With some time before dinner we popped past Seppeltsfield. We decided that we had purchased enough wine, so as to avert any more wine purchasing; we would stay away from cellar doors, except for ones that had beer. The port on offer was too much to resist, but I purchased a Tokay for something a little different, and we left with beers and cordial also. Their bock beer is a little too gassy, and a little lacking in taste, but the blonde beer is very good.

The best thing about Tanunda and the valley was the restaurant we dined at the two nights in Barossa. Our first dinner at the 1918 bistro and grill was better than the second. I recommend getting the specials; they seem to put more love into them. We had some wonderful wine, and the first night was by far the best meal we had all holiday.
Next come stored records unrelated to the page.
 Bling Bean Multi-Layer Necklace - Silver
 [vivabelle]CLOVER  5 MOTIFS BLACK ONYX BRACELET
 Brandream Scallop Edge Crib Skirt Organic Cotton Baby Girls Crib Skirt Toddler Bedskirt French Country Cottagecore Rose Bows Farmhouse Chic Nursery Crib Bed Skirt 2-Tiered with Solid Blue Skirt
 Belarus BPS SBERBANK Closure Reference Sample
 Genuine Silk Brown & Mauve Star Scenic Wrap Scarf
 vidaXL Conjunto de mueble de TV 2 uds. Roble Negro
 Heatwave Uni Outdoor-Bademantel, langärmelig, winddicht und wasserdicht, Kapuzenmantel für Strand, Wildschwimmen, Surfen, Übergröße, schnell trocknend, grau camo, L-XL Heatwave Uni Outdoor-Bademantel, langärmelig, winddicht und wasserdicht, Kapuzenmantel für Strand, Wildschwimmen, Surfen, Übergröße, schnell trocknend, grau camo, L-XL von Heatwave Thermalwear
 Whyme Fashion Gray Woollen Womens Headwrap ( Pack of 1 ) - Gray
The next day we drove south, dropping by the Lobethal Bierhaus. The town is in the name. It is an award winning microbrewery. We were lucky the door was open as they were not. I wandered in and asked if we could purchase some beer. The owner and his wife were happy to accommodate us. The gent was a man of the financial world, making his money, he and a good friend decided to quit the high life, and do something they love; brewing beer. The love for the beer is evident is the tasting. We tasted all the beers and purchased a case with a pair of each type. The only thing missing was their Belgian brew, which we loved. It was only for sale over the bar.

That day we also dropped by Handorf, which we were told was a beautiful old town by many. If you have been to Europe, then don’t bother, you have seen old towns. This place is just touristy and boring (in my opinion).

When leaving the Barossa we dropped into the Barossa Valley Brewing Company located at the Yaldara Estate. They have two beers, the Bee Sting and the Organic Ale. We purchased a few Ales (you can get the Bee Sting in Dan Murphys) which is a fine beer, and left for Victoria, to the Grampians.

On the road from Barossa Valley to the Grampians

On the road from Barossa Valley to the Grampians

In the Grampians we rented a lovely little place just outside of Halls Gap. Relaxed would be how I describe this place. DULC Cabins was our home for two nights, and although we initially had no hot water, it was quickly fixed, and with the BBQ at hand, we were able to salvage a near disastrous end to a holiday.

Bathroom Dulc Cabins Halls Gap

View of the bathroom in Dulc Cabins Halls Gap

The BBQ was the only alternative to the horror dinner we had the night before. If you stay in Halls Gap, DO NOT, go to the Quarry restaurant. It was by far the worst meal I have EVER had.

It is quite odd. I have travelled the world, seen many beautiful places, but right on our doorstep all those years was the Grampians. This was the first time we had visited; it will not be the last. It’s defiantly worth the trip. It is a great place for a weekend retreat out of Melbourne.

Grampians east side sunset

Grampians east side sunset

I have tried to sum our trip up rather quickly. There was a lot undertaken in a short time, and I have tried to give a reference for those that tread the same path and need a place to stay or eat, and those to avoid.

After reflection of our holiday, and after going through my images, I can see why people live in Australia and never feel the need to leave. The diversity of the terrain coupled with the friendliness of the people (in general), and the adventure of a drive that you never care to end. You are always looking out the window, and you can always find somewhere to stop and take out the camera, even from the side of the road.

I felt this country paled in comparison to many places I have been in the world, and I do miss having Europe two hours train ride away, but Australia certainly has a character that is of its own. It has an identity and a soul that I understand. I guess we are home.